Main foreign languages English, French

The languages of Angola are predominantly Bantu and Portuguese, with a small minority of !Kung and Khoe speakers.

Portuguese is the sole official language. Due to cultural, social and political mechanisms which date back to the colonial history, the number of native Portuguese speakers is large and growing.[1] A 2012 study by the Angolan National Institute for Statistics found that Portuguese is the mother tongue of 39% of the population.[2][3] It is spoken as a second language by many more throughout the country, and younger urban generations are moving towards the dominant or exclusive use of Portuguese. However, in Cabinda, wedged between two French-speaking countries — the DRC and the Congo — many people speak French as well as, or better than, Portuguese.[4] Also, the Angolan Bakongo who were exiled in the Democratic Republic of the Congo usually speak better French and Lingala than Portuguese and Kikongo.

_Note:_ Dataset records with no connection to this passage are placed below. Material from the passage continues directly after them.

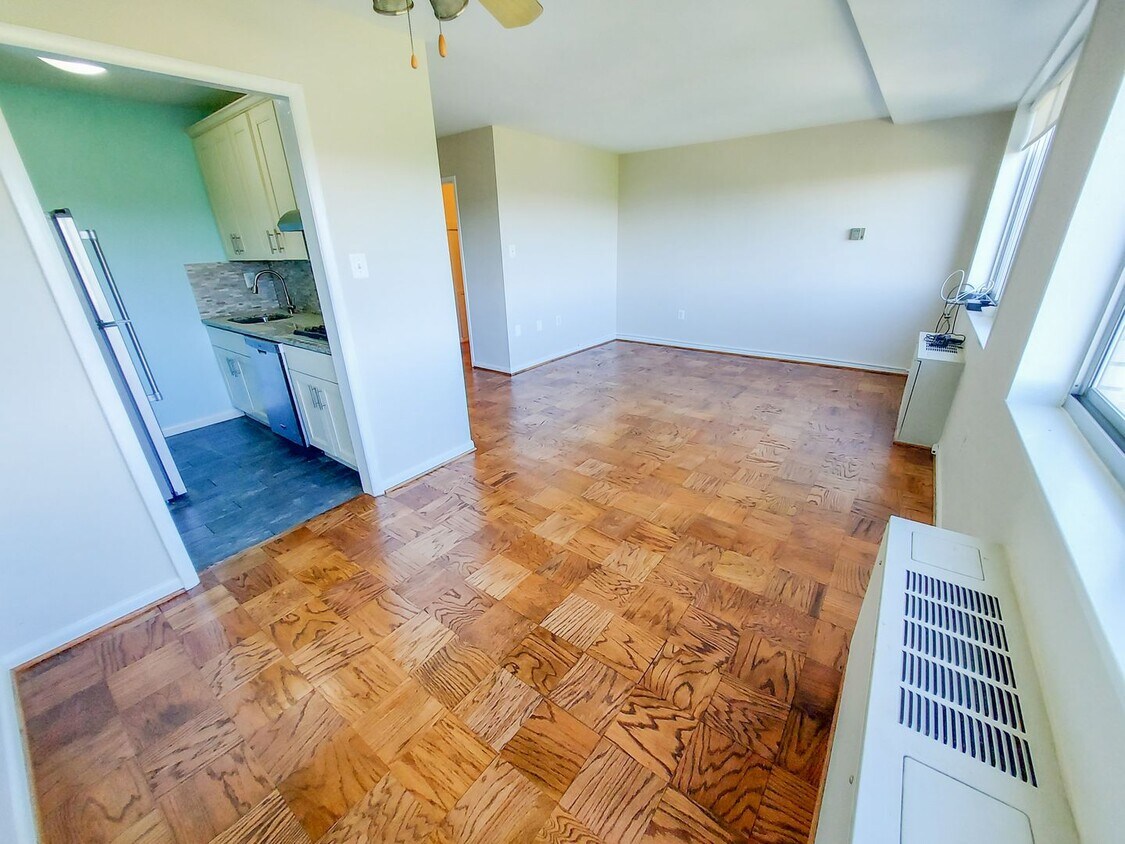 Primary Photo - Lovely Studio Apt. in desirable location. ...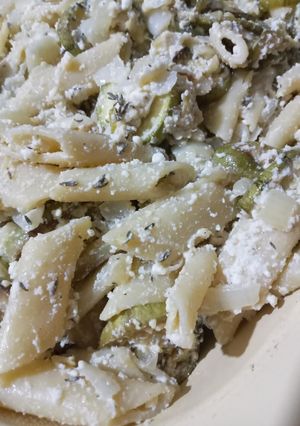 Una foto de Pasta con zucchinis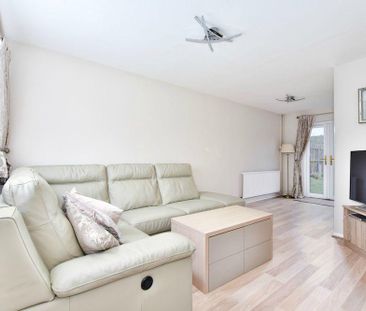 2 bedroom end of terrace house to rent - Photo 1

All native languages of Angola are considered to be national languages. After independence, the government said it would choose six to be developed as literary languages. The six languages vary between government pronouncements, but commonly included are Umbundu, Kimbundu, Kikongo (presumably the Fiote of Cabinda), Chokwe, Kwanyama, and Ganguela (never clearly defined; may be Nyemba, Luchazi, or indeterminate).[5][6] Angolan radio transmits in fourteen of the "main" national languages: Bangala, Cokwe, Fiote, Helelo, Kikongo, Kimbundu, Kwanyama, Lunda, Ngangela, Ngoya, Nyaneka, Oxiwambo, Songo, Umbundu.[7]

Umbundu is the most populous Bantu language, spoken natively by about a third of the population. Kimbundu is spoken in Luanda Province and adjacent provinces. Kikongo is spoken in the north-east, including the exclave of Cabinda.[8]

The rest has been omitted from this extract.